(Beginning of RECORDS SHOWN)
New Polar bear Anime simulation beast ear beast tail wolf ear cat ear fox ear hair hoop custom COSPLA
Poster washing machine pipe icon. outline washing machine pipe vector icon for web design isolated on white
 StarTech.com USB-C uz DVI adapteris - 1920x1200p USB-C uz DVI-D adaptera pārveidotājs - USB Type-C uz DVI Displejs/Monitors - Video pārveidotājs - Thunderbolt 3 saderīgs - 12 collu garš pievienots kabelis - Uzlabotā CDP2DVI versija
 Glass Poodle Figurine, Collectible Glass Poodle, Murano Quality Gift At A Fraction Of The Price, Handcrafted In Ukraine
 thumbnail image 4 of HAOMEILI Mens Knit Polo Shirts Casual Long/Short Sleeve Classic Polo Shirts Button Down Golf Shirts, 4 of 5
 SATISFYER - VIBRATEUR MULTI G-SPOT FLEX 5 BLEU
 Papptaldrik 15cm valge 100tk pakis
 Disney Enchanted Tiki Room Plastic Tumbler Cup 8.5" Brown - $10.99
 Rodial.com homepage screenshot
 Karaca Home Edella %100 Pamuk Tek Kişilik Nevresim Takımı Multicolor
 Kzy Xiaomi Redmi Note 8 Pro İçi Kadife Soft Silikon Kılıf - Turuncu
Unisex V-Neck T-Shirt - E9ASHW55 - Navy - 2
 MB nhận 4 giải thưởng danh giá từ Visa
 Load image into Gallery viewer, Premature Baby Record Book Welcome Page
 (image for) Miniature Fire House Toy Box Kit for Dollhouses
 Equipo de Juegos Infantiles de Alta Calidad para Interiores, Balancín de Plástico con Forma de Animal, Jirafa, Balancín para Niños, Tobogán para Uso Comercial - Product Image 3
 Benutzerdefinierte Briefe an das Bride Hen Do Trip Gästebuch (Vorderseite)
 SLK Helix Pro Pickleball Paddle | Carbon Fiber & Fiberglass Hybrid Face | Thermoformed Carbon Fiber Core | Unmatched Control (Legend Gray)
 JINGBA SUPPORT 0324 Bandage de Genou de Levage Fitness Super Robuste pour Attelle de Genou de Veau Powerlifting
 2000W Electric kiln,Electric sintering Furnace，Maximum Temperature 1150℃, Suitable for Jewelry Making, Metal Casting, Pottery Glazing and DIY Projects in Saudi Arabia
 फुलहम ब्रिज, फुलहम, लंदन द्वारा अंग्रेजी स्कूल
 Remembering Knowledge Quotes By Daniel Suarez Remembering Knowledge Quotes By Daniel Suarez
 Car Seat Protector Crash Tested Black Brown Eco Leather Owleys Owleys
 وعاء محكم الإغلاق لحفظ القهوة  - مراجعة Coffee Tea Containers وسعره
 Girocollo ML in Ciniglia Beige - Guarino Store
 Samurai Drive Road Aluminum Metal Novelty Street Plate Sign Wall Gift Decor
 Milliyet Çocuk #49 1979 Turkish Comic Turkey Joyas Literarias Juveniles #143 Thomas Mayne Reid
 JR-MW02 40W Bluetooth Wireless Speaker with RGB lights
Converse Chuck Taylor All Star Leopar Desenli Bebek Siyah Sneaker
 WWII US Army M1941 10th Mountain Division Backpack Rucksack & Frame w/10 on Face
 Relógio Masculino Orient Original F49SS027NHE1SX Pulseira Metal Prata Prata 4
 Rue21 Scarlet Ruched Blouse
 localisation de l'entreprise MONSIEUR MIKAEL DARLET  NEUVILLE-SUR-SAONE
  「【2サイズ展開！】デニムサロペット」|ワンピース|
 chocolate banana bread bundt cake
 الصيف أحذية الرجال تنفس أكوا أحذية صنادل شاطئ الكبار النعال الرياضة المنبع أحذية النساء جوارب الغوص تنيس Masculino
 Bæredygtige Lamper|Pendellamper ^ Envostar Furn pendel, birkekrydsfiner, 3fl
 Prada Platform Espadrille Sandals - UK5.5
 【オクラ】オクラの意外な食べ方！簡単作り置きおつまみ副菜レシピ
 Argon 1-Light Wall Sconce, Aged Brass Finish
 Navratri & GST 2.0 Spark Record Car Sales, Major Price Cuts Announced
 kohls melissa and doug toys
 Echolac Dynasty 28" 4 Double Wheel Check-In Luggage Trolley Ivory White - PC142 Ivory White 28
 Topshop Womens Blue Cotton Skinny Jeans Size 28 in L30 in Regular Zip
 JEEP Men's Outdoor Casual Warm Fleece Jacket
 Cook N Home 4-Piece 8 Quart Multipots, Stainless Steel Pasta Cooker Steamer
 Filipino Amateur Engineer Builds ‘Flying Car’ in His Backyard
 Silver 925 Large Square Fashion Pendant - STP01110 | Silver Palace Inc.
(End of RECORDS SHOWN)
**TO DO:**
Could you write out, exactly as they stand, only the lines above that begin at the line with "Karaca Home Edella" and stop after the line with "وعاء محكم الإغلاق"?

**ANSWER SECTION:**
 Karaca Home Edella %100 Pamuk Tek Kişilik Nevresim Takımı Multicolor
 Kzy Xiaomi Redmi Note 8 Pro İçi Kadife Soft Silikon Kılıf - Turuncu
Unisex V-Neck T-Shirt - E9ASHW55 - Navy - 2
 MB nhận 4 giải thưởng danh giá từ Visa
 Load image into Gallery viewer, Premature Baby Record Book Welcome Page
 (image for) Miniature Fire House Toy Box Kit for Dollhouses
 Equipo de Juegos Infantiles de Alta Calidad para Interiores, Balancín de Plástico con Forma de Animal, Jirafa, Balancín para Niños, Tobogán para Uso Comercial - Product Image 3
 Benutzerdefinierte Briefe an das Bride Hen Do Trip Gästebuch (Vorderseite)
 SLK Helix Pro Pickleball Paddle | Carbon Fiber & Fiberglass Hybrid Face | Thermoformed Carbon Fiber Core | Unmatched Control (Legend Gray)
 JINGBA SUPPORT 0324 Bandage de Genou de Levage Fitness Super Robuste pour Attelle de Genou de Veau Powerlifting
 2000W Electric kiln,Electric sintering Furnace，Maximum Temperature 1150℃, Suitable for Jewelry Making, Metal Casting, Pottery Glazing and DIY Projects in Saudi Arabia
 फुलहम ब्रिज, फुलहम, लंदन द्वारा अंग्रेजी स्कूल
 Remembering Knowledge Quotes By Daniel Suarez Remembering Knowledge Quotes By Daniel Suarez
 Car Seat Protector Crash Tested Black Brown Eco Leather Owleys Owleys
 وعاء محكم الإغلاق لحفظ القهوة  - مراجعة Coffee Tea Containers وسعره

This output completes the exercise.